Parsing ip address coming at random places inside logs

Muhammad_Faisal · December 19, 2020, 8:28pm

hi guys,

input log message contains IP address but the occurence of ip is random inside message and also some times the message will not contain any ip ...how can we extract this ip address using grok or other filters.

example of input log messages :
this is server log 10.20.30.10 error observed
10.20.50.10 exception occurred
no error observed.

i am trying below, not working

grok { match => {"message" => " ((?<wildcard>.*)%{IPV4:IP}(?<wildcard>.*)") | %{IPV4:IP}(?<wildcard>.*) | (?<wildcard>.*)}
}

Badger · December 19, 2020, 9:24pm

If you just want the IP then you can use

grok { match => { "message" => "%{IPV4:IP}" } }

and grok will find it if it is anywhere in the message.

Muhammad_Faisal · December 20, 2020, 9:43am

hi Badger,

thanks for input.

built in grok will capture ip address once in the log message and remaining ip address will not parse...there are instances where ip address is populating multiple times or less without any particular position such as ...

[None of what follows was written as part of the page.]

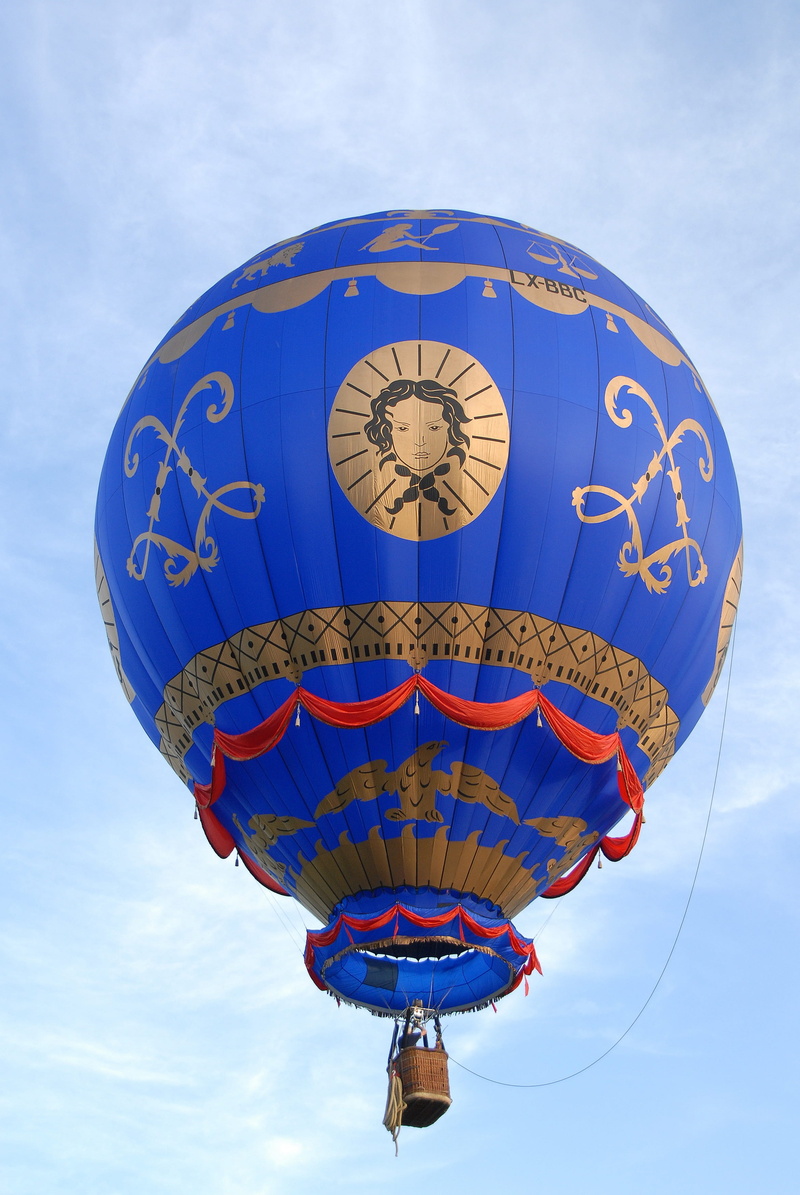 leisure activity, gas, flame, nacelle, flight, real people, flying, multi colored, canvas, airship, mid-air, burner, hot air ballooning, elevation, escape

10.20.30.10 exception 10.20.50.90 error at server 10.30.10.10

is there any grok which can parse all ip addresses occurences coming anywhere in input message at any place

thanks

Muhammad_Faisal · December 20, 2020, 10:01am

also if input log message does not have ip address , it give me _grokparsefailure

Badger · December 20, 2020, 8:22pm

In you want to capture every occurrence of a regexp in a field then use a ruby filter and the String.scan function.

    ruby {
        code => 'event.set("anArray", event.get("message").scan(/(?<![0-9])(?:(?:[0-1]?[0-9]{1,2}|2[0-4][0-9]|25[0-5])[.](?:[0-1]?[0-9]{1,2}|2[0-4][0-9]|25[0-5])[.](?:[0-1]?[0-9]{1,2}|2[0-4][0-9]|25[0-5])[.](?:[0-1]?[0-9]{1,2}|2[0-4][0-9]|25[0-5]))(?![0-9])/))'
    }

Edited to add: The grok pattern for IPV4 is one of the core patterns.

system · January 17, 2021, 4:05pm

This topic was automatically closed 28 days after the last reply. New replies are no longer allowed.